-- PROVIDED MATERIAL follows --
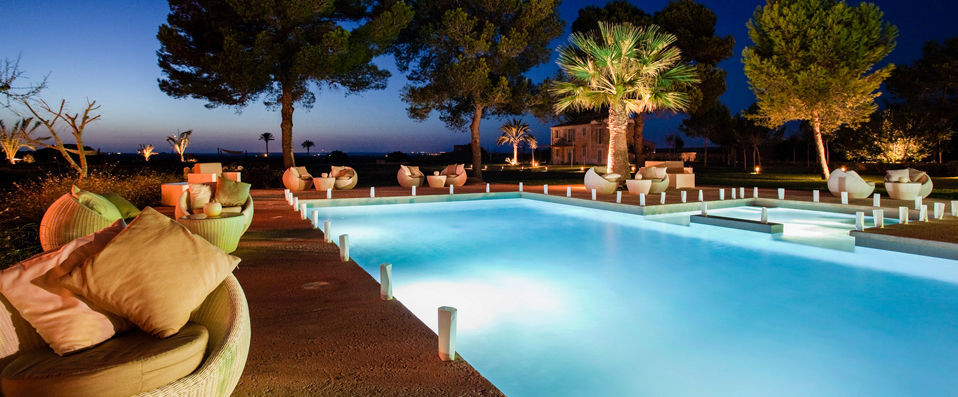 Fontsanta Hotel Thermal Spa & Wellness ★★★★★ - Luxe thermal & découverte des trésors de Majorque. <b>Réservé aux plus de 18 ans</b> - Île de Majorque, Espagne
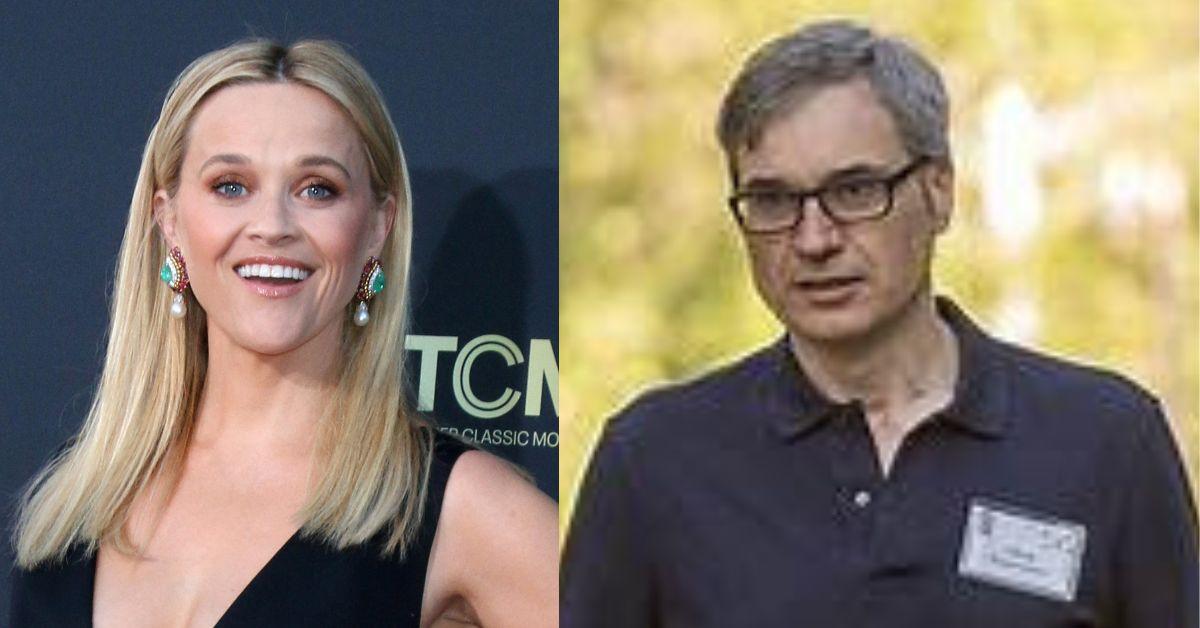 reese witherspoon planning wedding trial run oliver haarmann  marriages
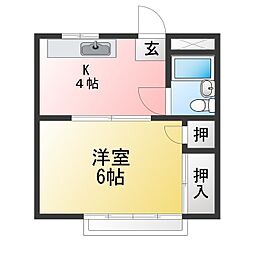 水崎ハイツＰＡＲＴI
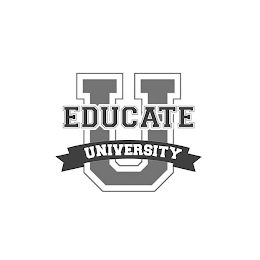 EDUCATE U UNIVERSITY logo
-- PROVIDED MATERIAL concluded --
*TASK DETAILS*. Without the pictures, transcribe exactly the lines above from the one containing "reese witherspoon planning" through the last.

*EXERCISE RESPONSE*.
 reese witherspoon planning wedding trial run oliver haarmann  marriages
 水崎ハイツＰＡＲＴI
 EDUCATE U UNIVERSITY logo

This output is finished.